### [What you should do]
Every line from the one containing "CHP'den Erdoğan'ın 'TCMB" to the one containing "Best of 2000" in the records below, both included, must be set down exactly, and no other line.

### [Records to use]
——————————

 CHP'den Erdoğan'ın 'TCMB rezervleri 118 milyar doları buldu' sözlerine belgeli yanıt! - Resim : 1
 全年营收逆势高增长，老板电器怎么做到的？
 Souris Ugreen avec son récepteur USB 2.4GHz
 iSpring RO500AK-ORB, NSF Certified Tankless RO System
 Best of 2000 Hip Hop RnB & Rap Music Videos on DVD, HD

——————————

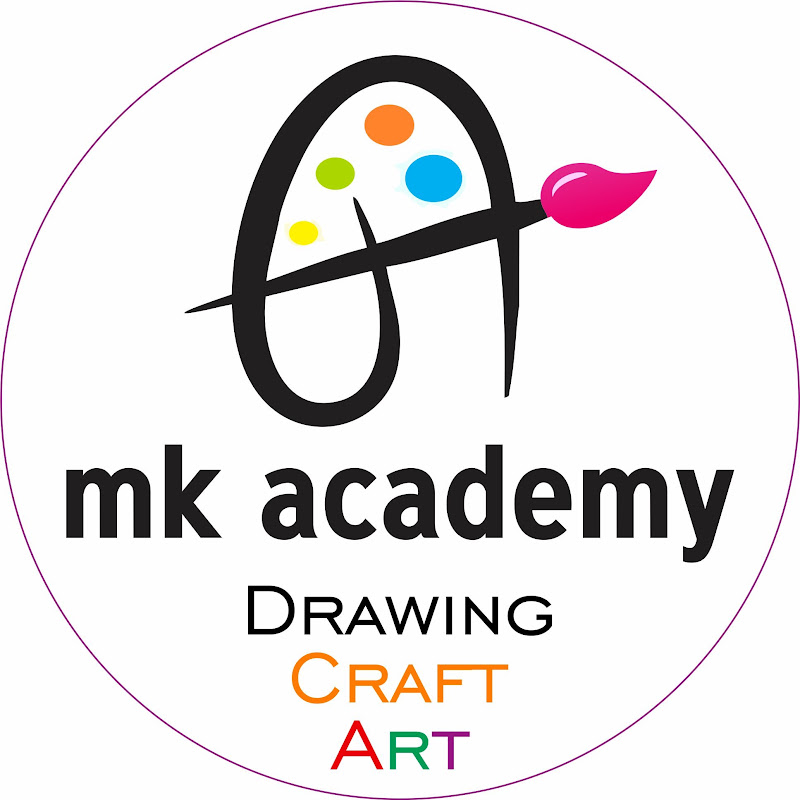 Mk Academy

——————————

### [Response to this task]
 CHP'den Erdoğan'ın 'TCMB rezervleri 118 milyar doları buldu' sözlerine belgeli yanıt! - Resim : 1
 全年营收逆势高增长，老板电器怎么做到的？
 Souris Ugreen avec son récepteur USB 2.4GHz
 iSpring RO500AK-ORB, NSF Certified Tankless RO System
 Best of 2000 Hip Hop RnB & Rap Music Videos on DVD, HD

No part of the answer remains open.